Pelo menos outros 25 corpos carbonizados encontrando-se espalhados nas proximidades. O Hotel Al-Mahari, que teve as paredes crivadas de balas, tem mais de 60 corpos espalhados pelo gramado.
"O hotel foi usado como prisão pelos os homens de Kadafi, quando prenderam nossos homens e os executaram antes de fugir", contou Sharif Ahmad Sharif, um veterano pró-CNT. Quanto mais perto do centro da cidade, maior é a devastação. Não existe um único edifício intacto, o chão está tomado de cápsulas de bala. Todas as lojas estão fechadas, e não há nenhum vestígio dos milhares de moradores.
A área 2, onde os últimos pró-Kadafi se refugiaram, é a mais atingida. Resta apenas escombros, telhados desabados e postes caídos sob um céu cinzento. Ahmad Ali deixou a cidade, mas voltou para tentar recuperar o que pouco sobrou. "Não tenho nada para fazer aqui. Sirte acabou", disse.
"Algumas famílias estão voltando para fazer negócios. Mas ninguém fica, todos vão embora imediatamente", observou Slimane Kilani. Omar Beifala quer, no entanto, voltar. Junto com amigos, tentou retirar os escombros diante da casa em que vivia com sua família. O imóvel está destruído e também foi saqueado. "Foram os homens de Kadafi e os revoluconários que fizeram isso. Para nós, eles são todos iguais. Sabia que os combates tinham sido muito violentos, mas tudo isso é triste. Muito triste", concluiu.
Insurreição líbia culmina com queda de Sirte e morte de Kadafi
Motivados pelos protestos que derrubaram os longevos presidentes da Tunísia e do Egito, os líbios começaram a sair às ruas das principais cidades do país em fevereiro para contestar o coronel Muammar Kadafi, no comando desde a revolução de 1969. Rapidamente, no entanto, os protestos evoluíram para uma guerra civil que cindiu a Líbia em batalhas pelo controle de cidades estratégicas de leste a oeste.
A violência dos confrontos gerou reação do Conselho de Segurança da ONU, que, após uma série de medidas simbólicas, aprovou uma polêmica intervenção internacional, atualmente liderada pela Otan, em nome da proteção dos civis.
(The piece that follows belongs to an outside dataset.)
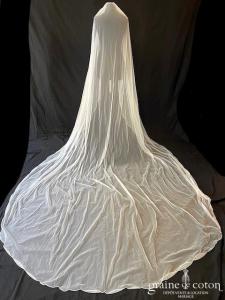 Pronovias - Voile long de 3,5 mètres en tulle souple bordé de perles transparentes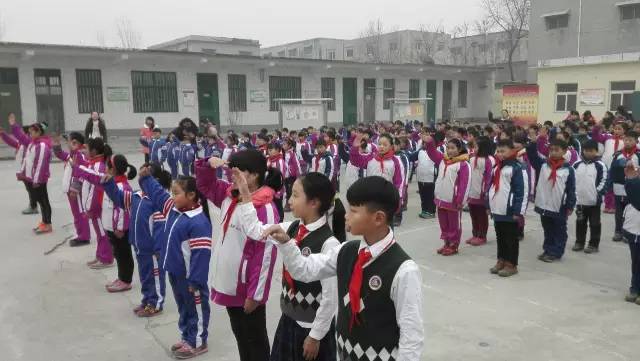 關(guān)愛(ài)留守兒童送溫暖，帶去我們冬日的關(guān)愛(ài)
No dia 20 de agosto, após quase sete meses de combates, bombardeios, avanços e recuos, os rebeldes iniciaram a tomada de Trípoli, colocando Kadafi, seu governo e sua era em xeque.
Dois meses depois, os rebeldes invadiram Beni Walid, um dos últimos bastiões de Kadafi. Em 20 de outubro, os rebeldes retomaram o controle de Sirte, cidade natal do coronel e foco derradeiro do antigo regime. Os apoiadores do CNT comemoravam a tomada da cidade quando os rebeldes anunciaram que, no confronto, Kadafi havia sido morto. Estima-se que mais de 20 mil pessoas tenham morrido desde o início da insurreição.